I would actually have found some exoneration of us if the writer had shown a cognitively challenged girl getting raped by an able-bodied man. That would’ve been more in line with statistics. That would’ve asked people to see whether SN individuals are protected and safeguarded as they should be. If their predisposition to sexual abuse is identified!

But the writer actually opened an ethical question for the girl! Someone like me might ask why the girl felt so lonely and alone and homeless and pathetic and without means and resourceless that she chose to settle for a man who couldn’t be a husband, at least not around the time that the rape happened. Someone like me might ask why the Pakistan penal code for sexual crimes wasn’t quoted . Someone like me might ask why Noori was presumed to be even more at a disadvantage than a cognitively challenged man. Someone like me might ask why a woman is so helpless that despite being somewhat educated, despite knowing right from wrong, despite knowing her place in her own eyes, she chose to not only marry him but actually continue to live with him. A cognitively challenged man, in all likelihood, will continue to rape her throughout their marriage. Fortunately Bhola is shown to be improving. But do you see how there are two victims here?

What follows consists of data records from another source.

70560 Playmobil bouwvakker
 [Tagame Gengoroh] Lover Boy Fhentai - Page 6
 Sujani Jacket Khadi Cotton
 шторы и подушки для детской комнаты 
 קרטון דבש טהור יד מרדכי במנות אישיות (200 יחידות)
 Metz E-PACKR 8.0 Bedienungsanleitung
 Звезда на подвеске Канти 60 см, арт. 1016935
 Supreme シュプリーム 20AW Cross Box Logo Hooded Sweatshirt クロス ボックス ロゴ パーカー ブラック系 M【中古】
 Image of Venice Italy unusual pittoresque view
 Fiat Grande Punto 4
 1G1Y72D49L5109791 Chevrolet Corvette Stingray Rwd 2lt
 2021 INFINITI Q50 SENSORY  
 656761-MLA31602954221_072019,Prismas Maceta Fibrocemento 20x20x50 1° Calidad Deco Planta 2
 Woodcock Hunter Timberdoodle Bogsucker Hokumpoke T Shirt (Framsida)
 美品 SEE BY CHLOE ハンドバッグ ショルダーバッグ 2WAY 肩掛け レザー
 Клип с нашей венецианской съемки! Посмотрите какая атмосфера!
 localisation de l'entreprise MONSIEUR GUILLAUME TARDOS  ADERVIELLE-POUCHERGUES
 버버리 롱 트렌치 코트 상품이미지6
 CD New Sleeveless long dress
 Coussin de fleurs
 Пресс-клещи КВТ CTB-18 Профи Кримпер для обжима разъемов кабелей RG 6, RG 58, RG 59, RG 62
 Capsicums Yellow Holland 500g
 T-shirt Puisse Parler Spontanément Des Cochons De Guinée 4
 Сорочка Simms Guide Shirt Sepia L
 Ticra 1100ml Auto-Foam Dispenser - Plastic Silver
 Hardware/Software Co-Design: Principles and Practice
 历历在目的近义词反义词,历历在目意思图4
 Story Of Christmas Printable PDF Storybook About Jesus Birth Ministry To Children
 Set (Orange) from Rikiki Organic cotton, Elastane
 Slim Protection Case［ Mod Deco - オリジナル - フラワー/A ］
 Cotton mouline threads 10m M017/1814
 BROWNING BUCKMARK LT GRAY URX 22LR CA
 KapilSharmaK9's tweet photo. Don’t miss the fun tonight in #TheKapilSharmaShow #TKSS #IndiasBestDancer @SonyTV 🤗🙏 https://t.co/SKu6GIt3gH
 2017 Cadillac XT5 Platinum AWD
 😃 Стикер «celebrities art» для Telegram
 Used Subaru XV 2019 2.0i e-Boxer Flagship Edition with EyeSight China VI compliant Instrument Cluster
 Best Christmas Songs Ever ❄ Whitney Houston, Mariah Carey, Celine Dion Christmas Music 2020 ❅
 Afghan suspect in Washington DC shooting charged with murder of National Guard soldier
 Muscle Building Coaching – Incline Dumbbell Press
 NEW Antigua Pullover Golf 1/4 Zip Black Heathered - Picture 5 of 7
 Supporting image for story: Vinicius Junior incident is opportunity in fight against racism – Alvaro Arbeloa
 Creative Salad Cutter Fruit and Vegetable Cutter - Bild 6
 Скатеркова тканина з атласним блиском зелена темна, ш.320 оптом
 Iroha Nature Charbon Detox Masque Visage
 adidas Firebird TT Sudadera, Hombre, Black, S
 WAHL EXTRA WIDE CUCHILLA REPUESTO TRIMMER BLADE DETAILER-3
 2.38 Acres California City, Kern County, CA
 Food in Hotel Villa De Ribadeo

Bhola was put at a disadvantage just as much as Noori. Does anyone think that he consented for it? People’s anger is directed towards Bhola but not towards the people who orchestrated the marriage or Noori who didn’t choose to not be a part of him until he could give her more. We have opened our judgement on Bhola but Noori is justified for taking advantage of his challenges by entering a marriage where truly the weaker consenting party is Bhola. Even in a patriarchal society like Pakistan, Noori enjoyed an advantage in this relationship.

3. Noori is raped and her mother-in-law is happy that Bhola at least understands a sexual relationship. Hardly anything to write home about. Sex is instinctive so anyone can do it. Freud describes sexual activity starting at nine months, taking a break until two years old when it returns for a brief period, then returns at around 7-8, then takes a break and then returns at 12-13 years of age when puberty formally sets in. Noori’s rape is justified because she’s married to her offender. Her offender is a mentally challenged man. See how this plot is completely bereft of any morality?

I’m sure we are good people with good intentions. At least that’s what I’m gonna believe in for the better part of my life. This is a great coping mechanism for me and helps me be an advocate of special needs and humanity and feminism with the same momentum that I had yesterday. But I’ll call you out each time you try to make a show about a theme that you didn’t touch upon seriously before you made a joke of it. I’ll call you out each time you dehumanize a population that’s already marginalized.